--- START ---

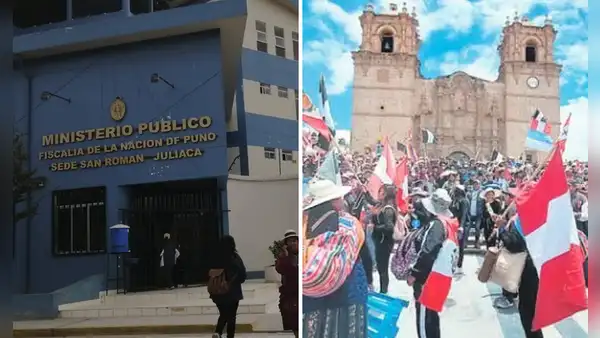 Juliaca: víctimas de represión durante protestas contra Dina Boluarte declaran en la Fiscalía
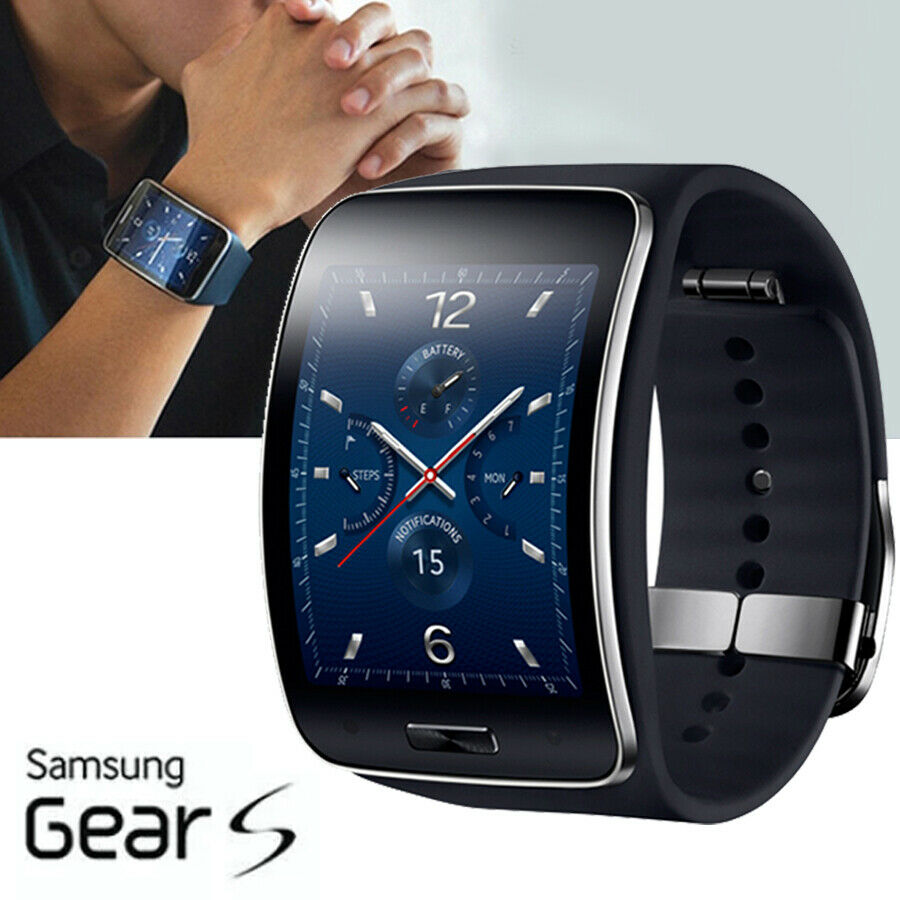 Samsung Galaxy Gear S Bluetooth Smart Watch SM-R750-Black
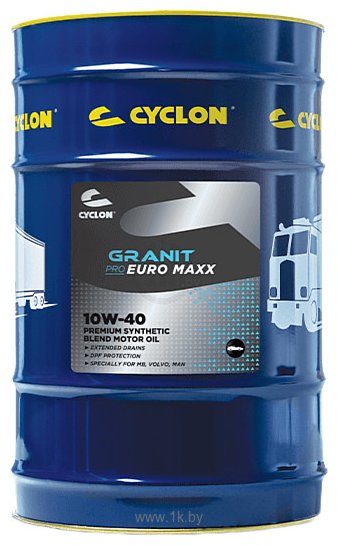 Фотографии Cyclon Granit Pro Euro Maxx 10W-40 208л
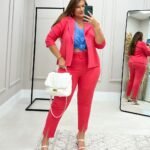 Calça Cigarrete Pâmela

--- END ---

Exercise brief:
Reproduce the data above word for word and omit the images.

Written answer:
 Juliaca: víctimas de represión durante protestas contra Dina Boluarte declaran en la Fiscalía
 Samsung Galaxy Gear S Bluetooth Smart Watch SM-R750-Black
 Фотографии Cyclon Granit Pro Euro Maxx 10W-40 208л
 Calça Cigarrete Pâmela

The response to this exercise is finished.